:: Information provided

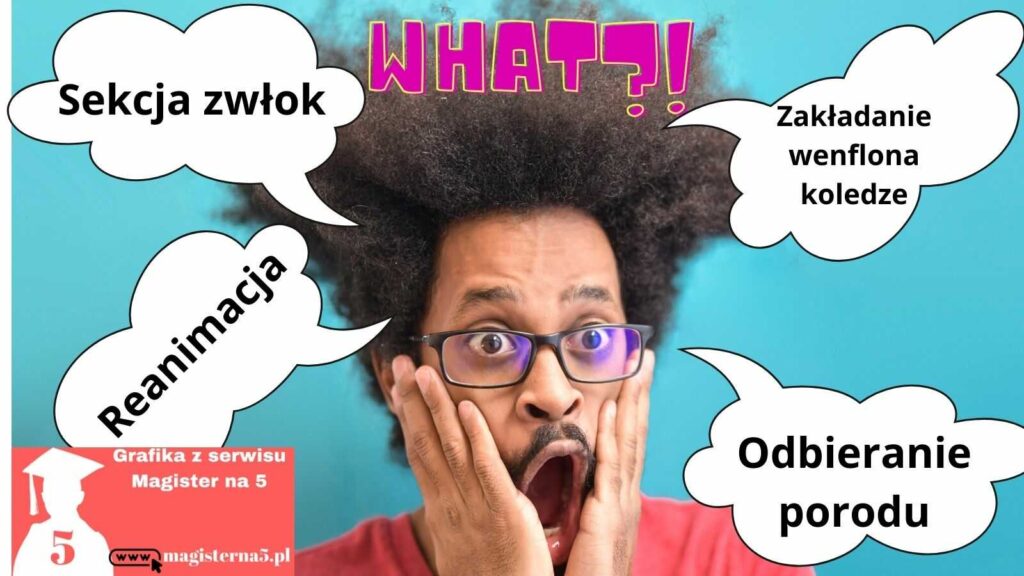 Studia medyczne specyfika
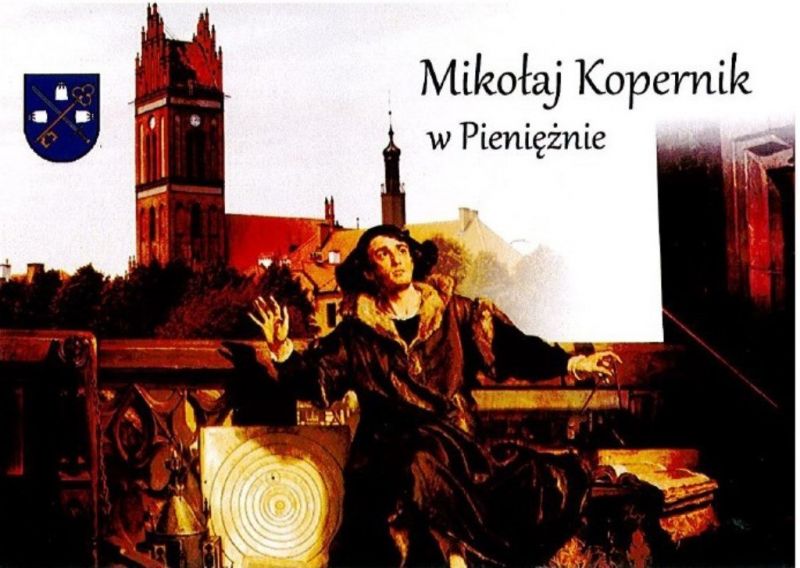  Mikołaj Kopernik w Pieniężnie i okolicy 
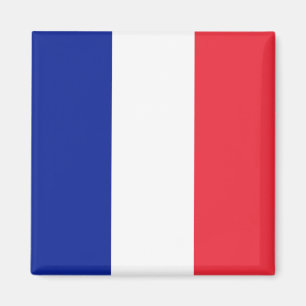 Flagge Frankreichs Tricolore Magnet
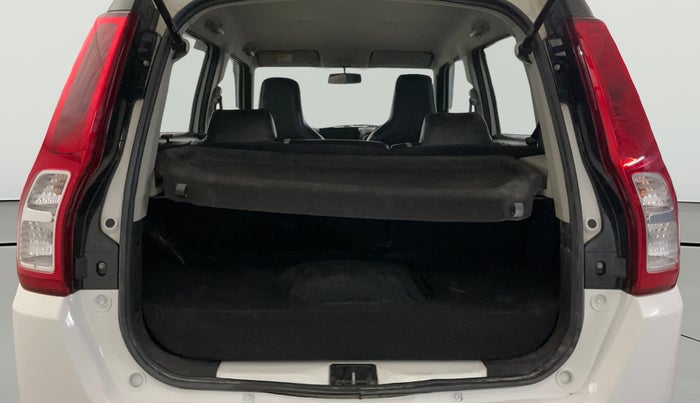 2022 Maruti New Wagon-R VXI CNG 1.0, CNG, Manual, 65,331 km, Boot Open Zoomed View
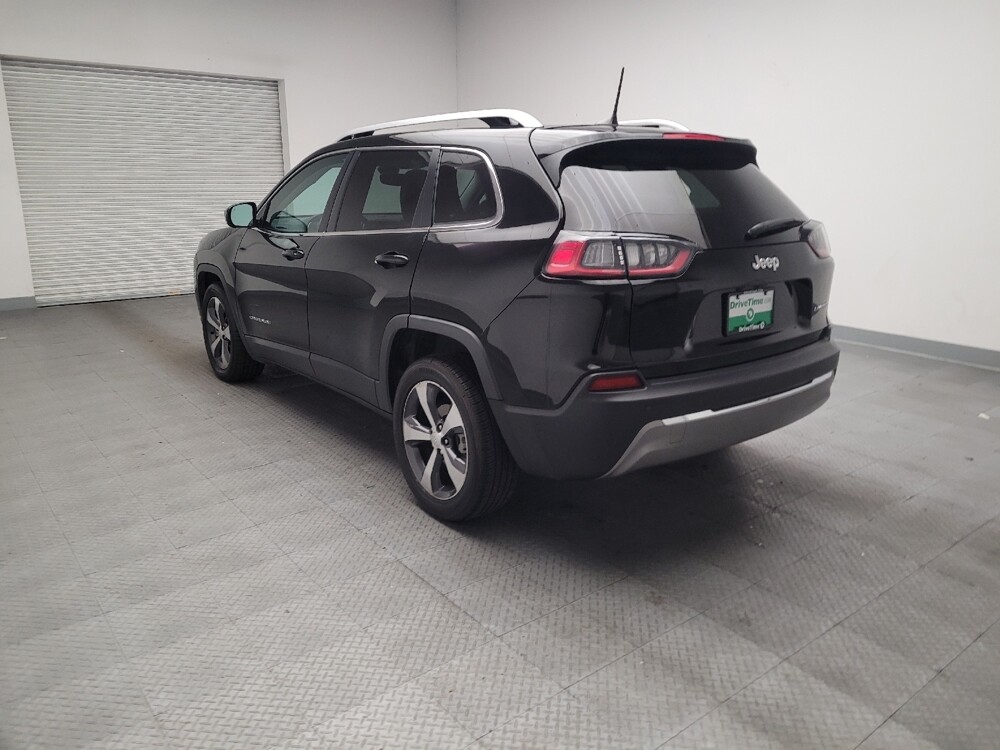 2019 Jeep Cherokee in Riverside, CA 92504 - 18120144 5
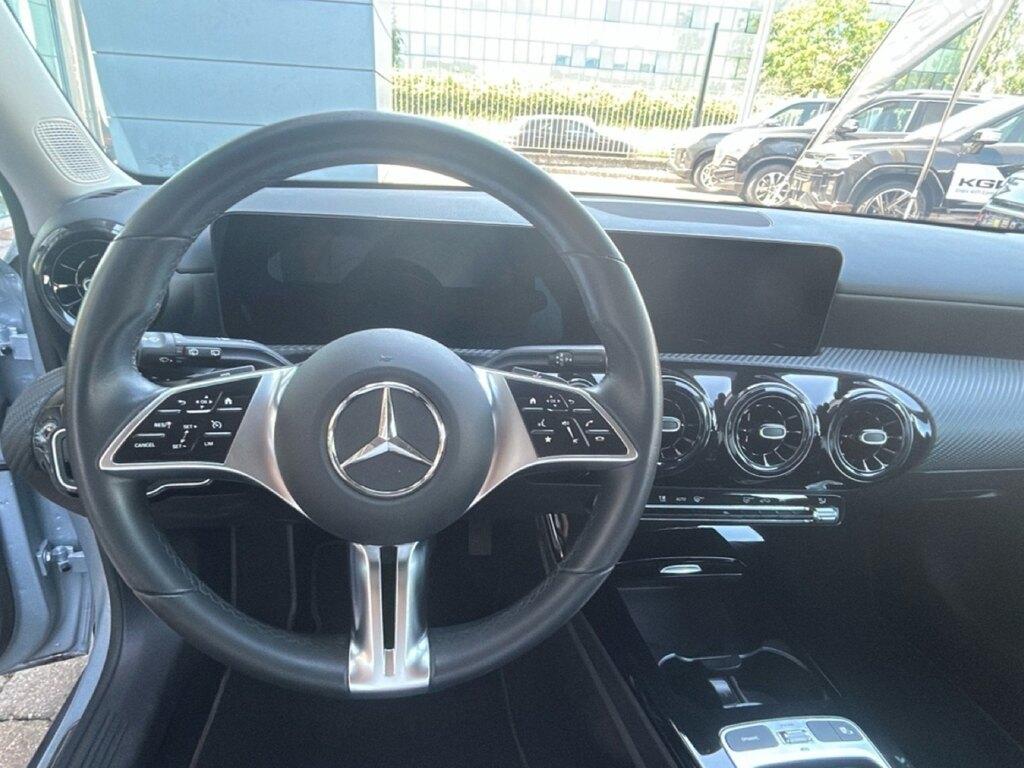 Mercedes Classe A 180 d Advanced auto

::::

■ Task brief: Reproduce all entries above exactly, minus the images.

■ Response:
 Studia medyczne specyfika
  Mikołaj Kopernik w Pieniężnie i okolicy 
 Flagge Frankreichs Tricolore Magnet
 2022 Maruti New Wagon-R VXI CNG 1.0, CNG, Manual, 65,331 km, Boot Open Zoomed View
 2019 Jeep Cherokee in Riverside, CA 92504 - 18120144 5
 Mercedes Classe A 180 d Advanced auto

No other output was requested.